Yahng's journey to CalCPA chair began in China, and his initiatives for the coming year aim to help CalCPA cross cultural and ethnic borders by aligning CalCPA's leadership with the profession's growing ethnic diversity.

"I believe the CalCPA Council is not a true representation of CalCPA's membership," says Yahng. "While we have greater numbers of women and ethnic minorities filling the ranks of the profession than we did 30 years ago, we aren't seeing the corresponding shift into leadership positions."

To boost that representation, Yahng's ideas include reviving CalCPA's Leadership Institute and working more closely with individual chapters to identify and encourage future leaders.

"As chair, part of my position is to reinforce the message that CalCPA is not a closed book," he says. "During my term, I'll make many visits to individual chapters to encourage those at the beginning levels to start on a leadership path."

Yahng's own leadership path began in the turmoil of wartime China.

EARLY YEARS

With World War II raging, Yahng--the third of four brothers--was literally born on the run in Yutu, a small village in the countryside near Shanghai.

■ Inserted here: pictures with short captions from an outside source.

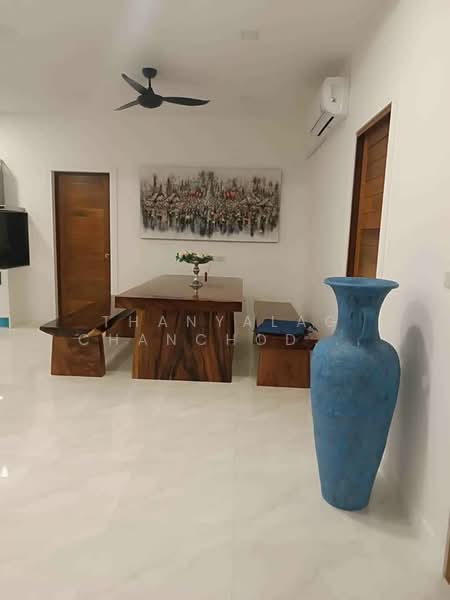 undefined, Prachuap Khiri Khan, Pran Buri, Pran Buri, Prachuap Khiri Khan, 3 Bedrooms, 170 sqm, Single Detached House For Sale, by Thanyalag Chanchodtanakul, 500237103 - DDproperty.com
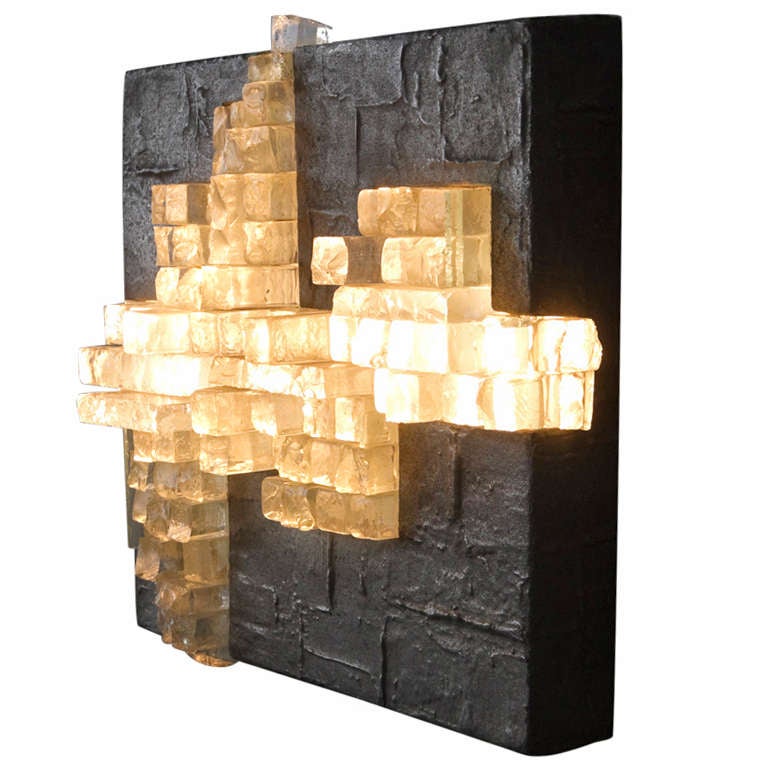 Wall Light by Poliarte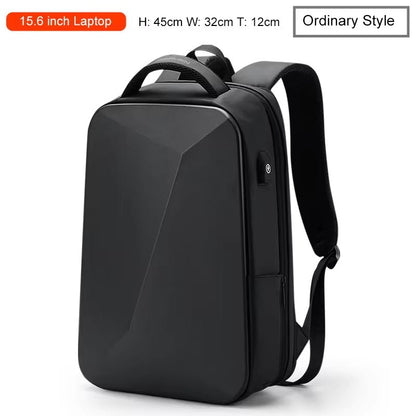Brand Laptop Backpack Anti - Theft Waterproof School Backpacks USB Charging Men Business Travel Bag Backpack New Design - Avero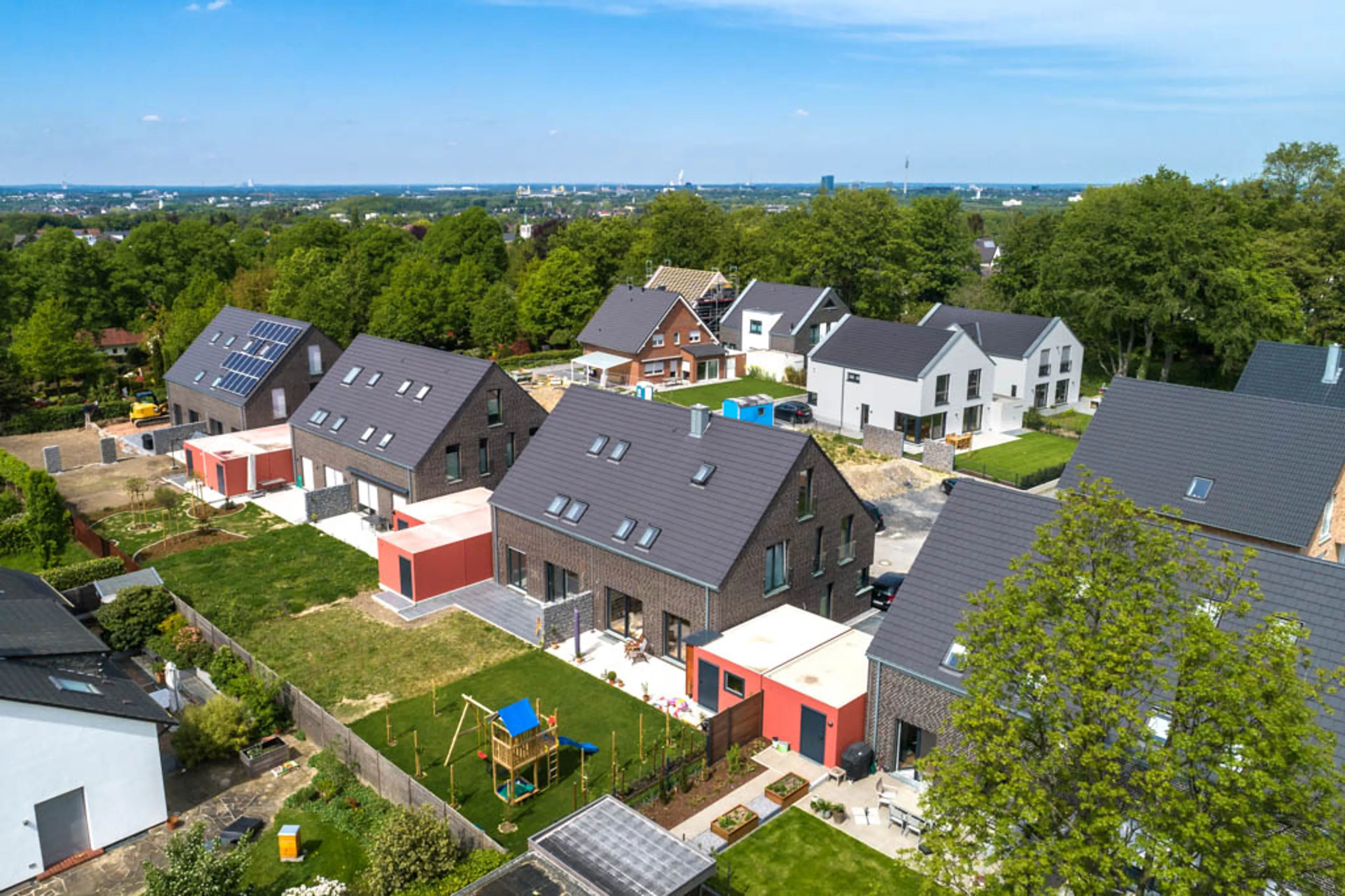 Dortmund - Berchumweg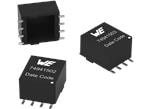Würth Elektronik WE-PLC Power Line Communication-Transformatoren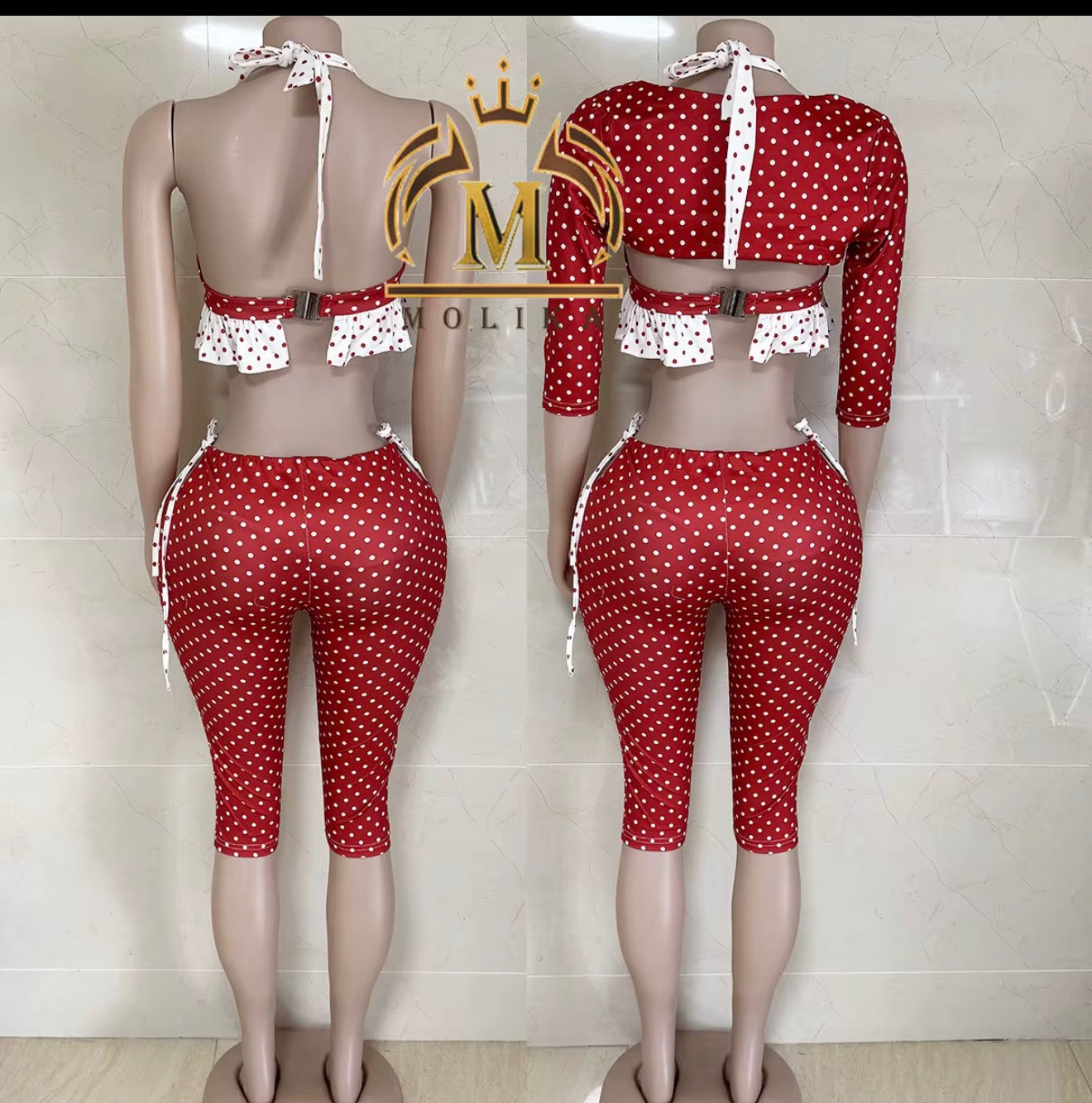 Sexy set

It was there his parents took refuge as they fled from Japanese forces.

When Yahng was five, his family moved to New Haven, Conn. It wasn't the first time in the United States for Yahng's parents, who were educated in the United States and had met upon their individual returns to China. Yahng's father earned his juris doctorate from New York University, while his mother earned a bachelor's degree from Vassar College and a master's from the University of Michigan.

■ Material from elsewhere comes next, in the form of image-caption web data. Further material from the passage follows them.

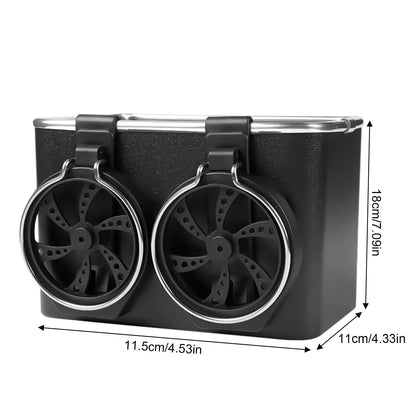 Carvallo - Hållbar armbandsförvaringslösning för Essentials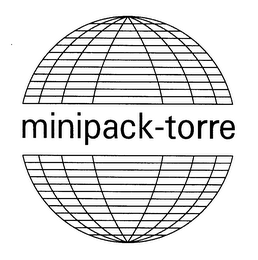 MINIPACK-TORRE logo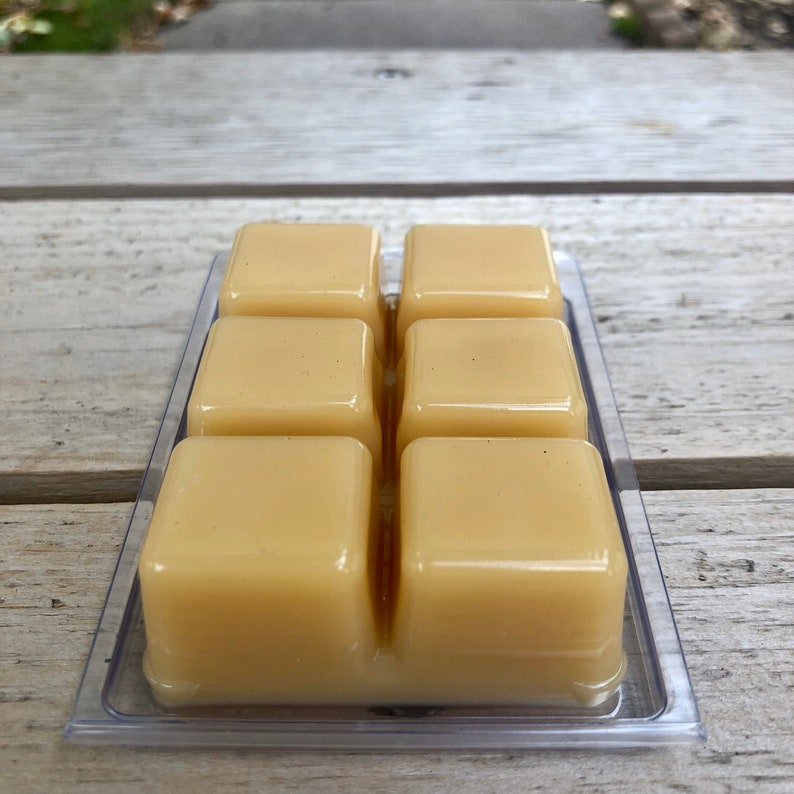 Fresh Baked Bread Scented Wax Melts Bakery Bread Scent Etsy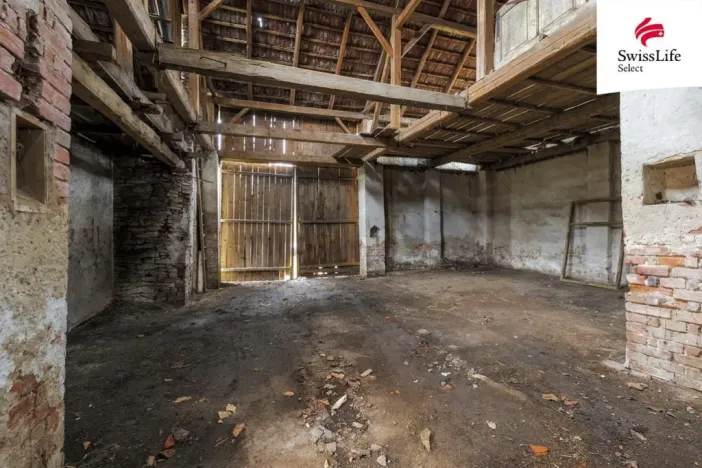 Prodej rodinného domu, Vraclav, 240 m2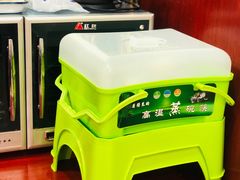 -春来和(汉城南路店)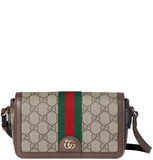  Túi Nữ Gucci Ophidia Mini Shoulder Bag 'Beige' 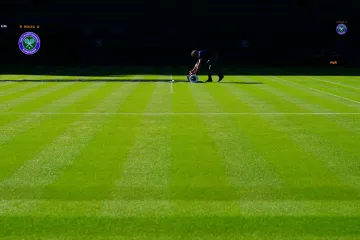 Počinje Wimbledon! Najveći nagradni fond, tko predstavlja Hrvatsku i sve što trebate znati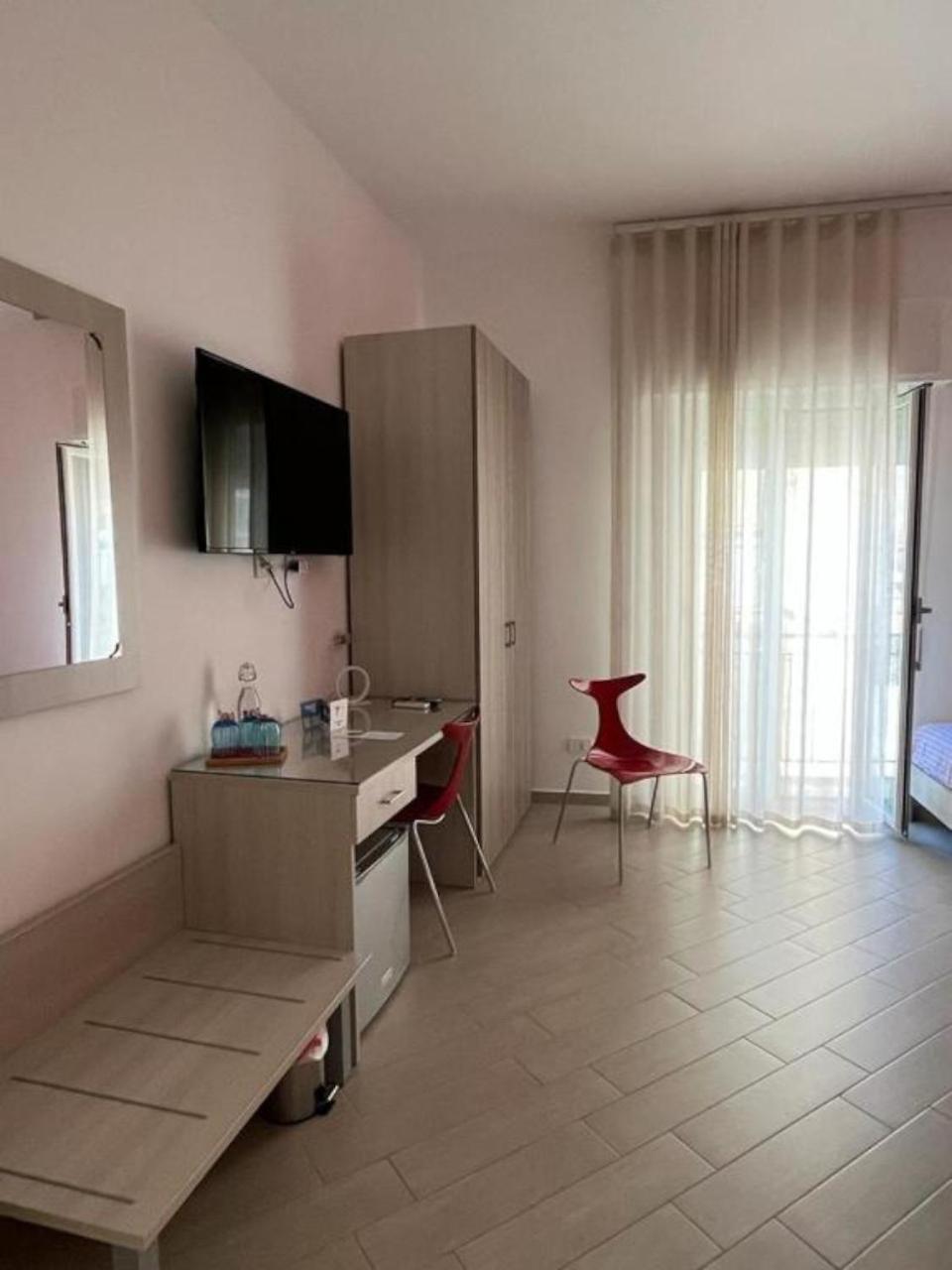 שאקה Colibri B&B מראה חיצוני תמונה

Growing up, Yahng was no stranger to the accounting profession. Rather than practice law, Yahng's father attended night school and earned an accounting degree. The family moved from Connecticut to Kentucky when Yahng was 11 after his father accepted a job as treasurer at Berea College.

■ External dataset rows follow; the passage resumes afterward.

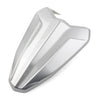 Yamaha YZF R15 V3 (2017-2021) Silver Rear Seat Cover Cowl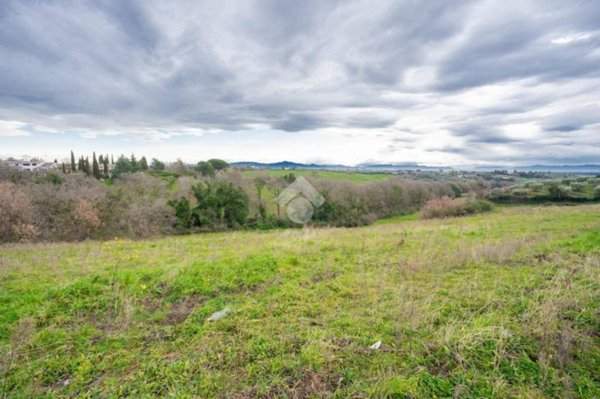 terreno agricolo in vendita a Sacrofano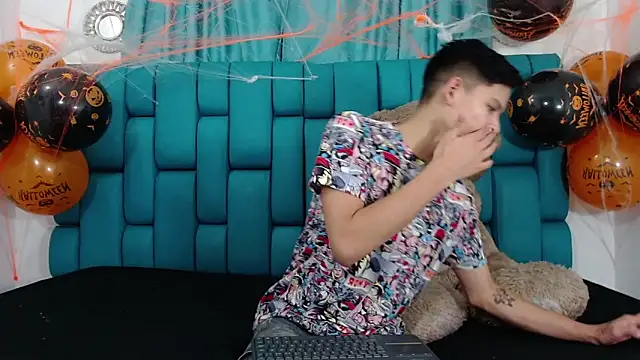 Brian hot online show from 10/25/25, 12:02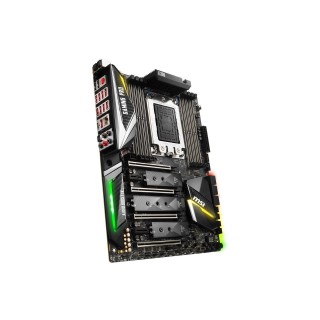 MSI PERFORMANCE GAMING X399 GAMING PRO CARBON AC sTR4 AMD X399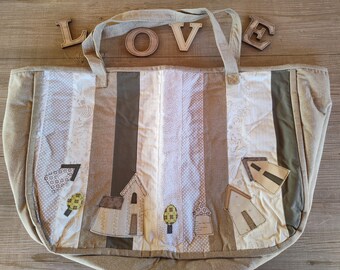 Beach bag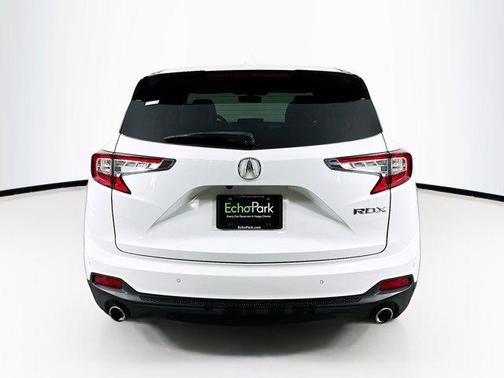 2021 Acura RDX Technology Package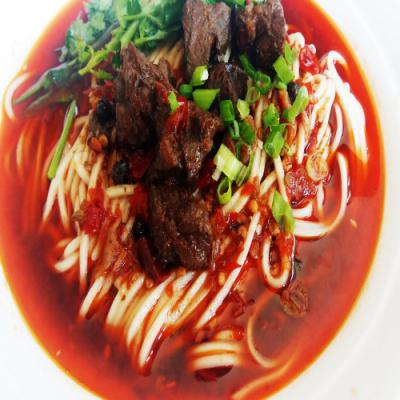 仁壽川味面食技術(shù)培訓(xùn)班哪里靠譜？重慶小面技術(shù)培訓(xùn)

Yet despite the paternal influence, accounting was not Yahng's first career choice. He received a bachelor's degree in economics from the University of the South, a small Episcopal school in Sewanee, Tenn., then continued to Emory University in Atlanta, where he earned an MBA with a concentration in marketing. After he graduated, like many young men in the 1960s, Yahng was drafted into the Army.

Two years later, after being discharged, Yahng caught the eye of Crown Zellerbach Corp. at a job fair in Atlanta. "They asked me if I would move to San Francisco, and they didn't have to ask twice," Yahng says. "I threw everything I owned into the back of my 1966 Barracuda and drove out."

Yahng worked at Crown from 1970-76 as a systems analyst and customer service office coordinator. But a chance meeting in 1976 re-introduced him to the possibilities of a CPA career.

EARLY CAREER

While working at Crown, Yahng shared an apartment with a few co-workers. When one of his roommates left, a young CPA named John Benson, a fraternity brother of another roommate, filled the vacancy. Neither man could guess the effect this...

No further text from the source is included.